TASK PROMPT: Leave every picture out. Set down all the lines below exactly.

GIVEN INFORMATION:
* * * * * * *
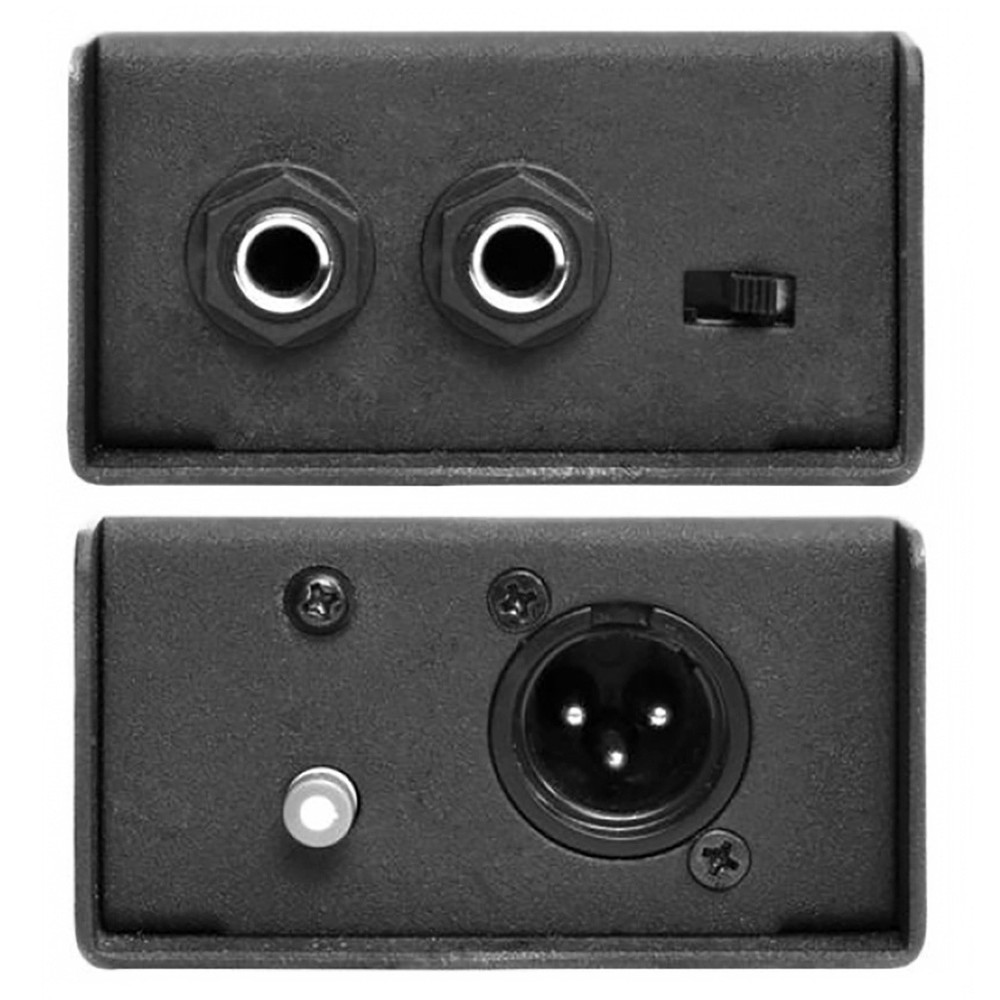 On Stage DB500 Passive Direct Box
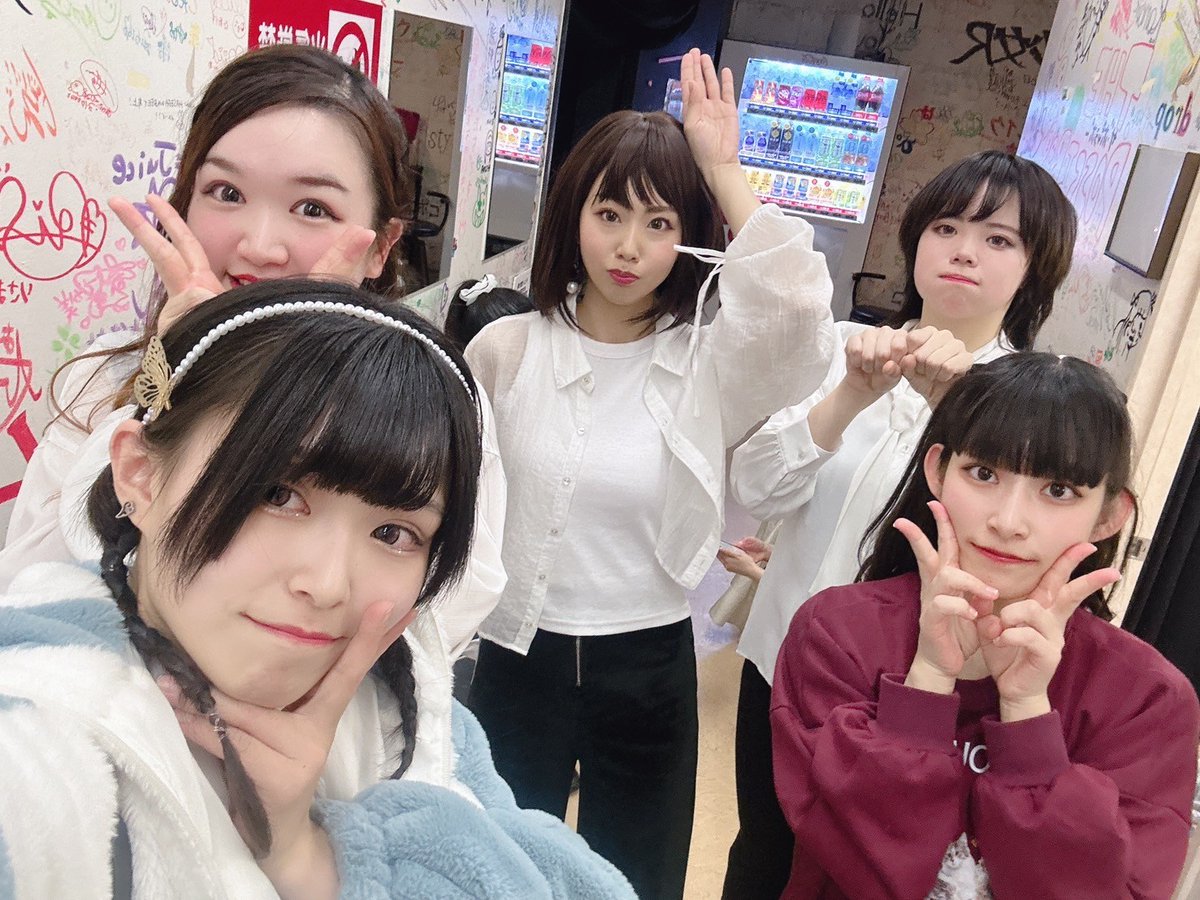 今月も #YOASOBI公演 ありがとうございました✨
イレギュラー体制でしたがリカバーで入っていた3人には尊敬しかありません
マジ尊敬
* * * * * * *
THE COMPLETED TASK:
 On Stage DB500 Passive Direct Box
 今月も #YOASOBI公演 ありがとうございました✨
イレギュラー体制でしたがリカバーで入っていた3人には尊敬しかありません
マジ尊敬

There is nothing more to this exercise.